ColorWheel: where power meets simplicity

Want better color in your images? Then ColorWheel is the tool for you. Sophisticated and dynamic, while beautifully simple to use, it provides maximum control and brilliant results.

Because ColorWheel is part of DxO PhotoLab 6’s seamless RAW workflow, any changes you make to hue, tone, and saturation are of a much higher quality than when editing lossy JPEGs. Put simply, there’s more data in a RAW file to work with, so changes can be made with greater strength and fewer artifacts such as fringing or loss of detail.

Here’s how it works.

ColorWheel shows exactly which hues are selected and how they’re being edited, too.
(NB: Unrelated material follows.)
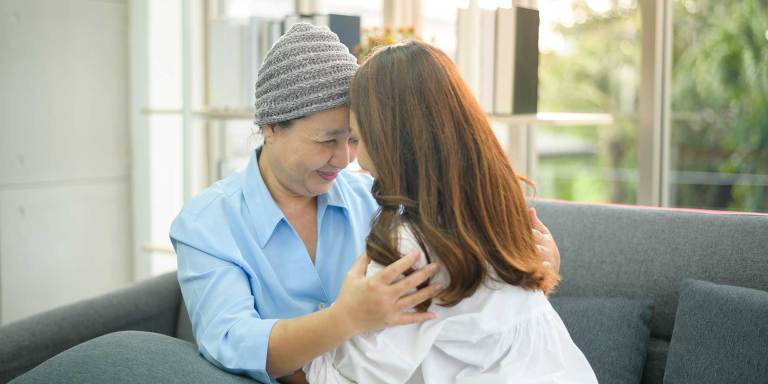 A cancer patient hugging a loved one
Easy to see means easy to use

One of ColorWheel’s greatest assets is how visual a tool it is. Unlike other RAW processing software, the colors you choose are clearly highlighted on the wheel, so you can see exactly what you’re editing. Changes appear live on the image, too, so editing is always precise.

Choose colors with a single click

To select a color range, click on one of the eight color channels. Alternatively, pick the Eyedropper tool and click directly on the image to choose.

You can then rotate the outer edge of the wheel, making subtle adjustments to shift the selected hues, or dramatic changes to completely transform the palette of your photo.

Quick, accurate refinements

If the affected area isn’t quite working, each of the channels can be refined using the inner wheel. This allows you to add or remove hues to the range you want to edit, making adjustments more precise.

This kingfisher looks a little different as some of its aqua tones have been shifted towards green.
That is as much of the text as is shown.